Dice Benedicto XVI: “La Iglesia no tiene consistencia por sí misma; está llamada a ser signo e instrumento de Cristo, en pura docilidad a su autoridad y en total servicio a su mandato. El único Cristo funda la única Iglesia, Él es la roca sobre la que se cimienta nuestra fe”. Lo que pedimos a la Iglesia es que nos muestre el rostro de Cristo, que nos recuerde sus enseñanzas, que nos lleve a Él. Aunque sea signo de contradicción.

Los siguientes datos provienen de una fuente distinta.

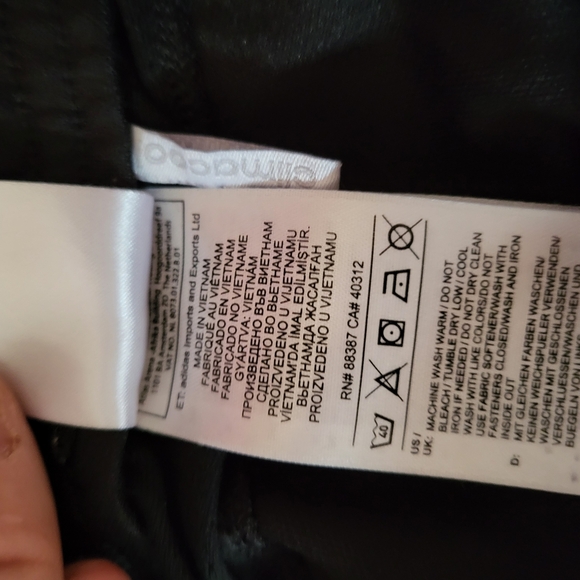 Adidas Kids Black Track Pants, Size Small  (28) - Picture 5 of 8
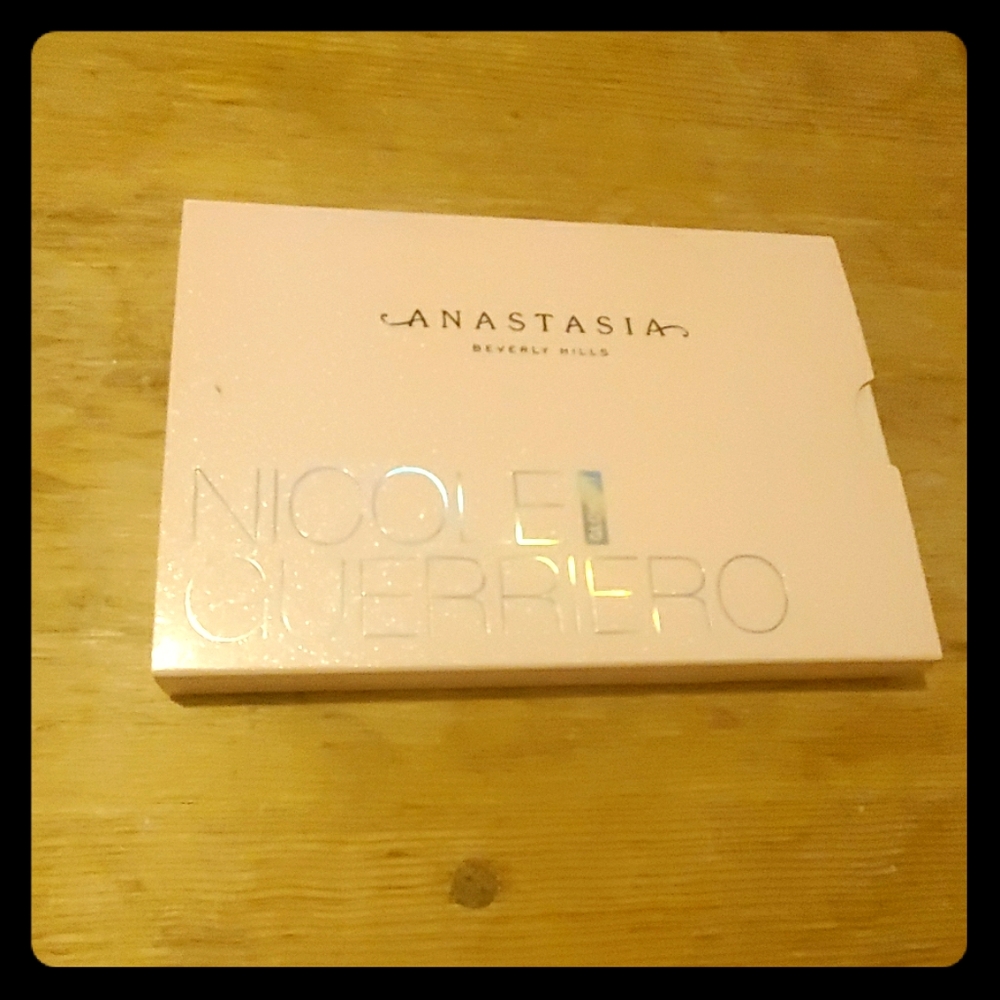 Anastasia BH  Highlighter palette
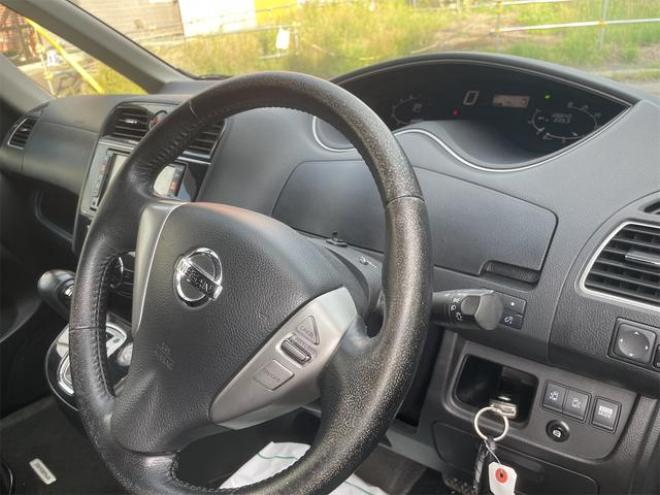 セレナハイウェイスター Ｖセレクション ４ＷＤ（北海道） 4WD 2000 5Dr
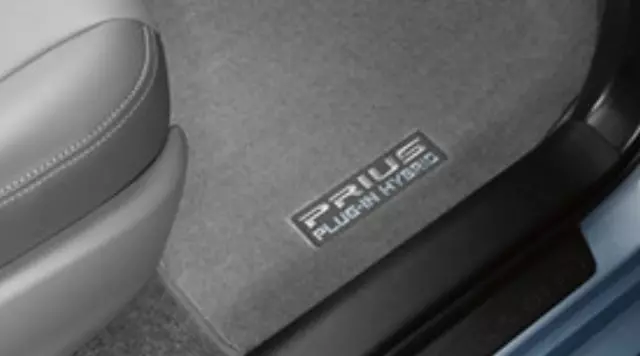 2012-2015 Toyota Prius - Prius Plug Floor Mats Gray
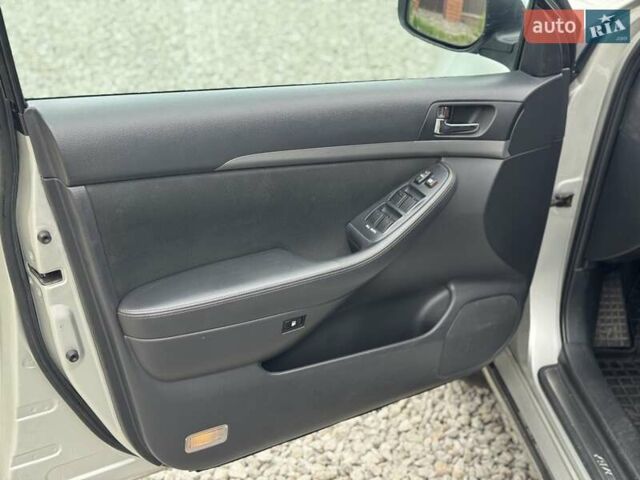 Серый Тойота Авенсис, объемом двигателя 2.2 л и пробегом 320 тыс. км за 6050 $, фото 14 на Automoto.ua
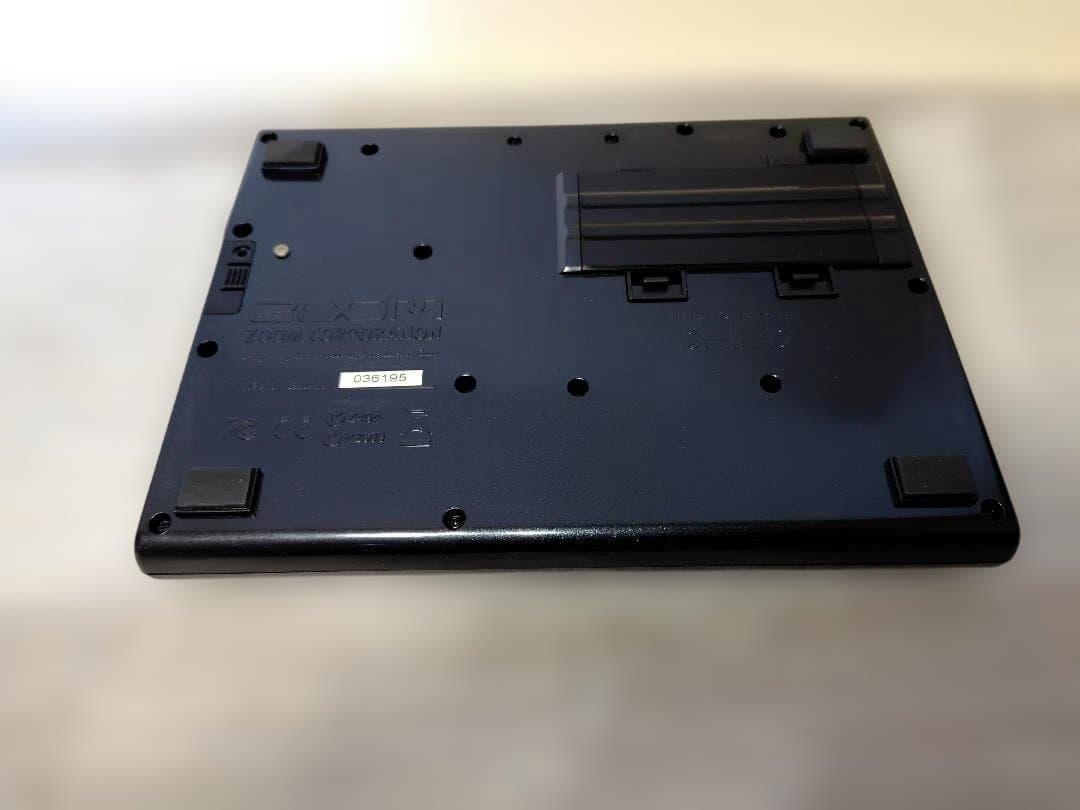 ZOOM R8 マルチトラックレコーダー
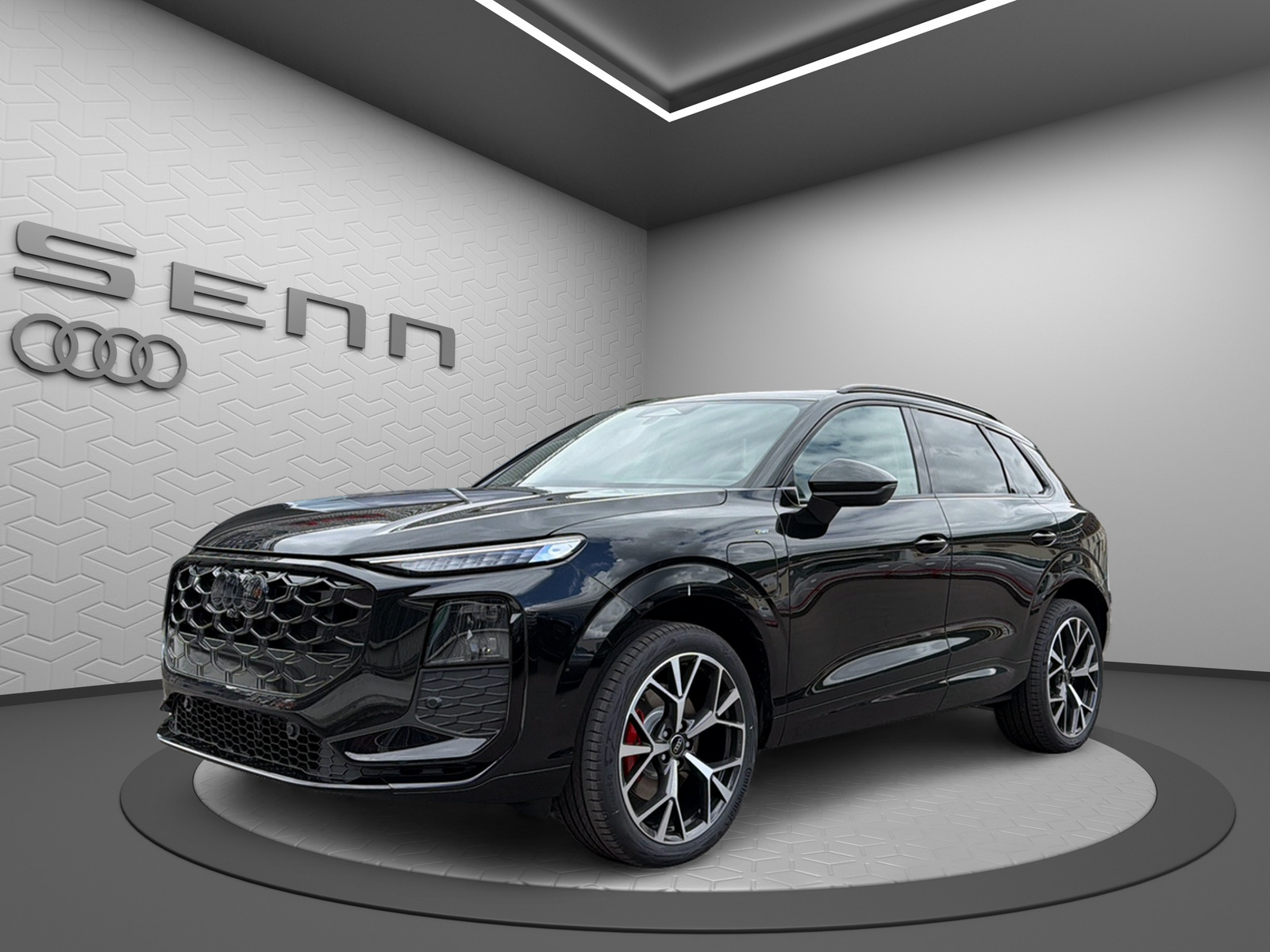 AUDI Q3 SUV e-hybrid 200 kW S tronig-image-0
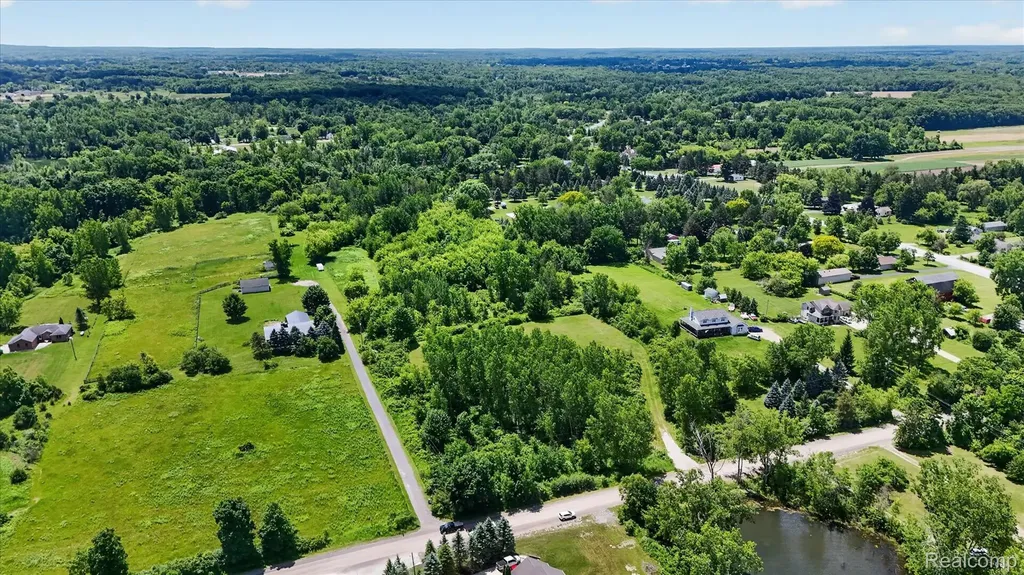 4461 Ray Road Fenton Charter Township MI 48439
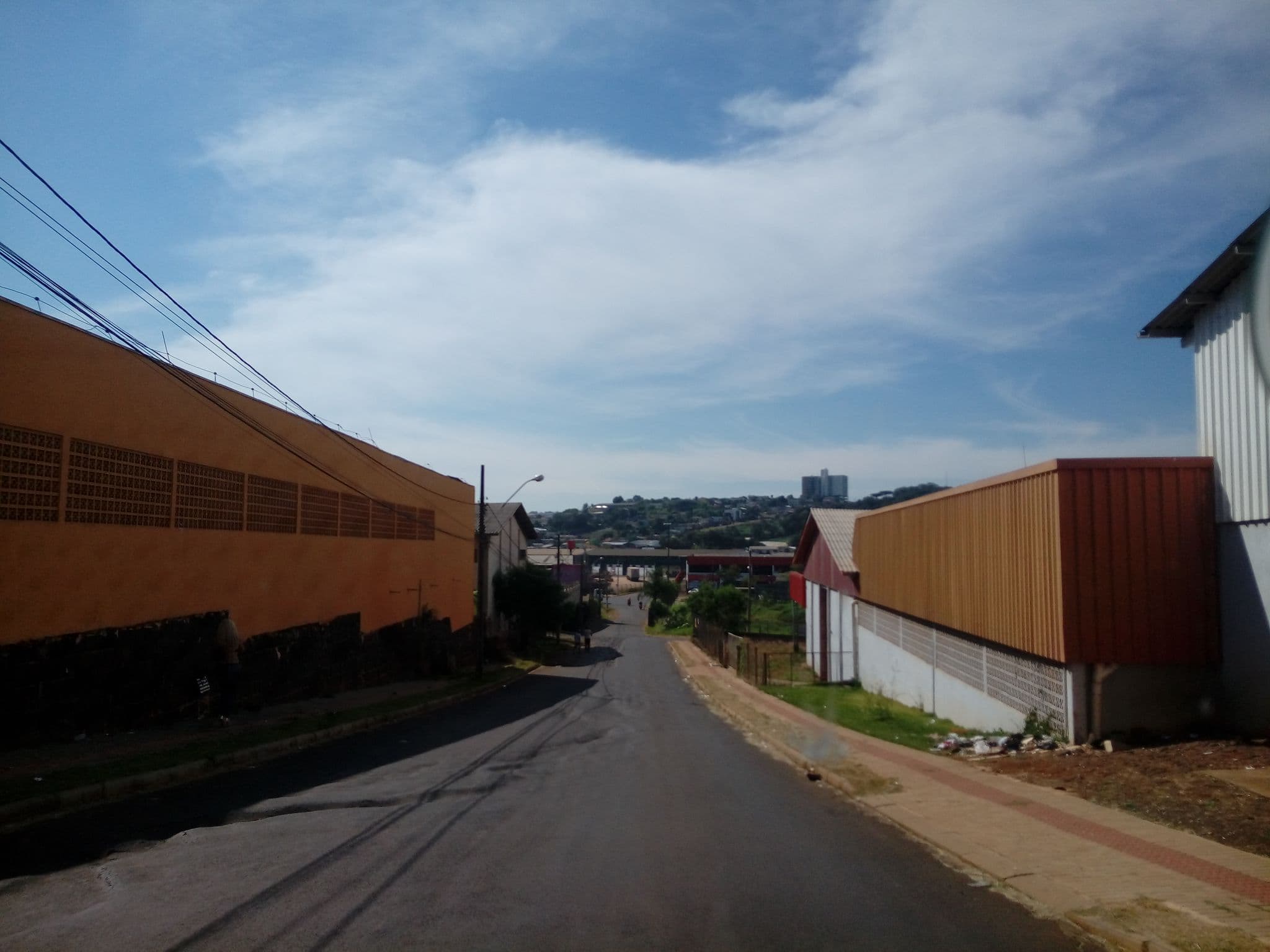 Street view near Bentevi Drive-In Motel, Chapecó — © dclarks (CC BY-SA · Mapillary)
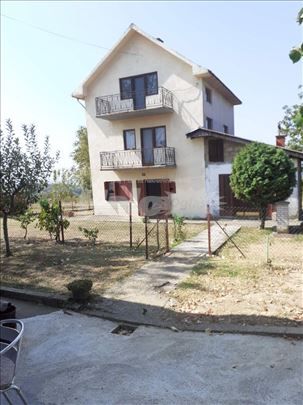 Prodaja kuce - Guberevac vlasnik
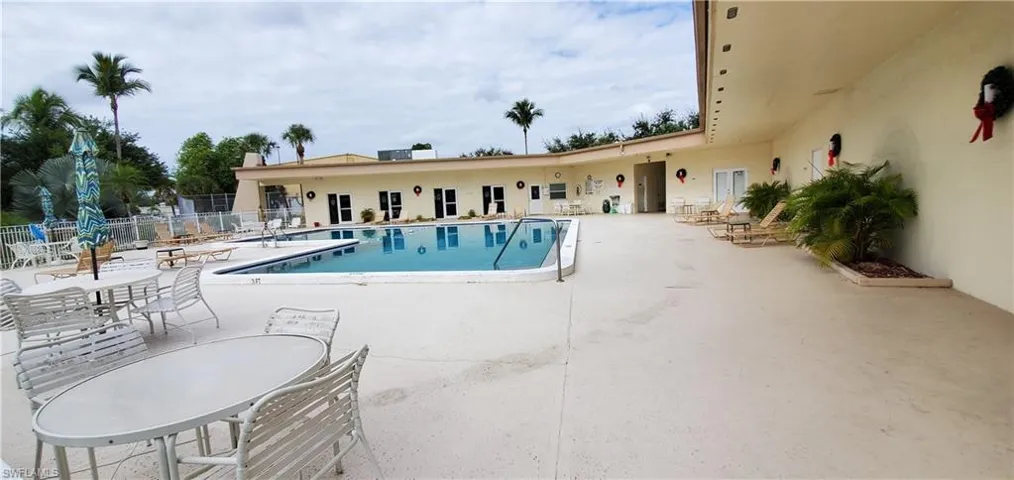 2100 Barkeley Ln 3, Fort Myers, Florida 33907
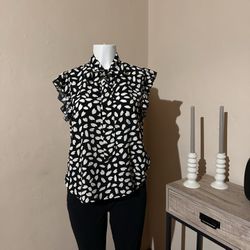 Women’s Top Size Large 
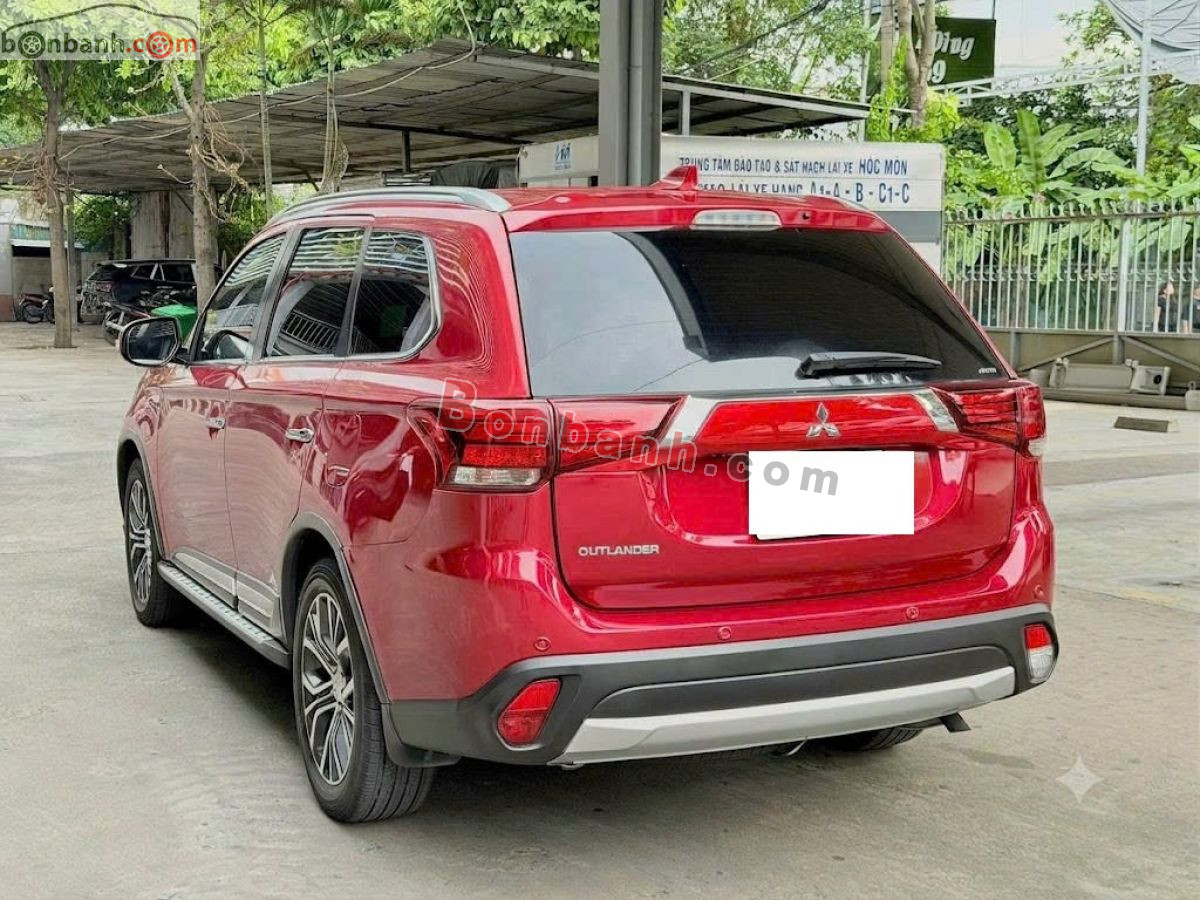 Bán ô tô Mitsubishi Outlander 2.4 CVT Premium - 2018 - xe cũ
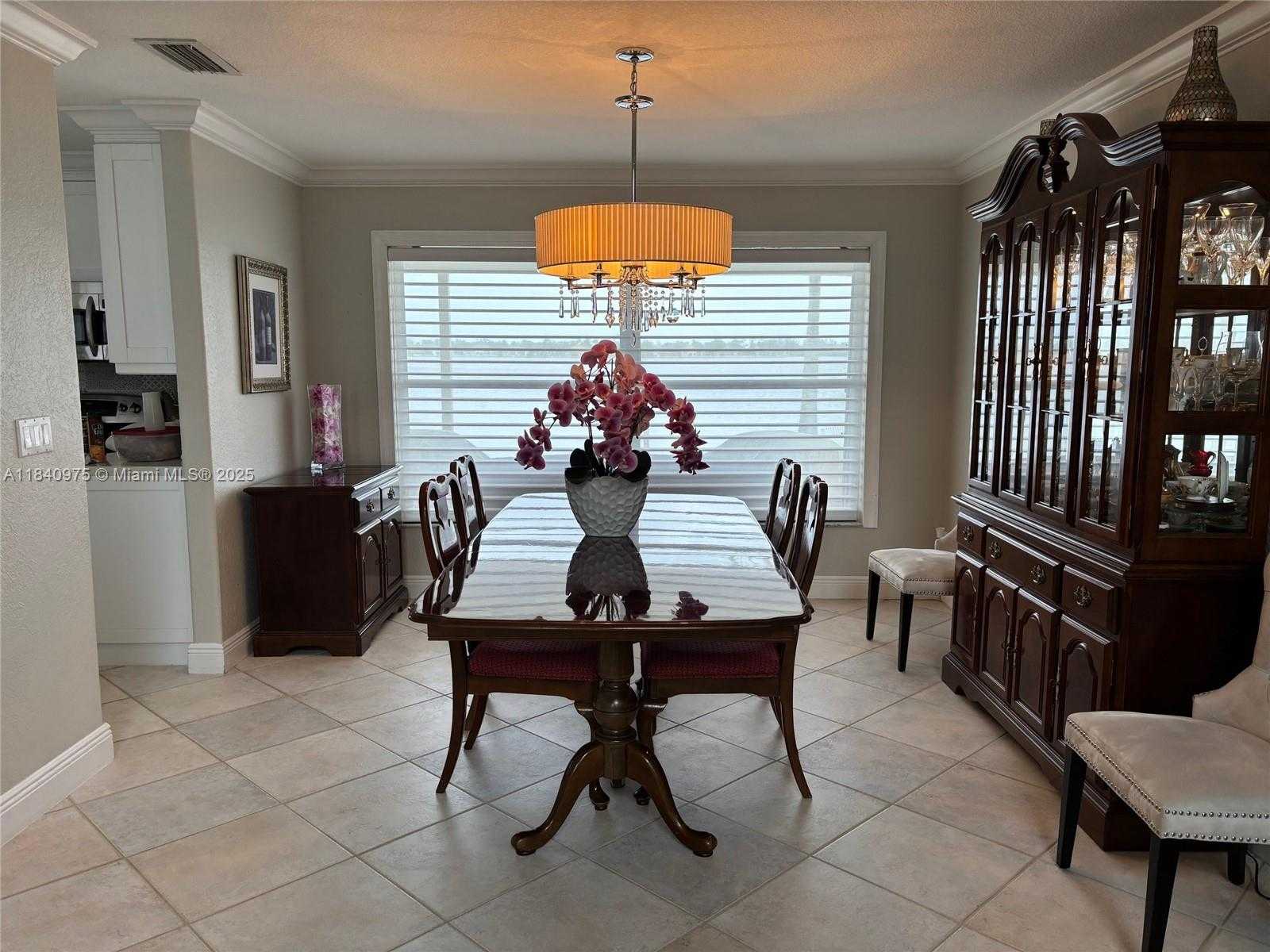 Small Image of 18265 NORTH WEST 12TH ST, Pembroke Pines Number 32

Lamentablemente se encuentra sola en muchas cosas: sola en la defensa de la vida, en proclamar la dignidad de toda persona humana, rica o pobre, sana o enferma, joven o vieja, buena o mala; siempre con el hombre, defendiéndolo del propio hombre. Sola en el cuidado de la familia y del amor: cree en el amor y se sabe familia. Sola en dignificar la sexualidad, que no es un juego que esclaviza, que no es un negocio, que no tiene sentido sin el amor. Sola defendiendo la libertad: de conciencia, de educación, de culto. Sola cuidando de los pobres, inmigrantes, drogadictos… Sola para defender la verdad y la justicia.
Acabo de leer el libroAl cruzar el puente. Testimonios de una iglesia abierta a todos, de José Manuel Horcajo. Libro que recomiendo ardientemente. En él afirma el autor que agradece “que Dios me haya aumentado la paciencia, porque para servir a los demás hace falta una buena dosis de paciencia. Uno que te cuenta una cosa diez veces, otro al que debes explicarle un procedimiento en seis ocasiones. Una que se enfada y se va, pero vuelve. Otro que discute y monta un pollo, pero luego regresa, aunque sea sin pedir perdón”.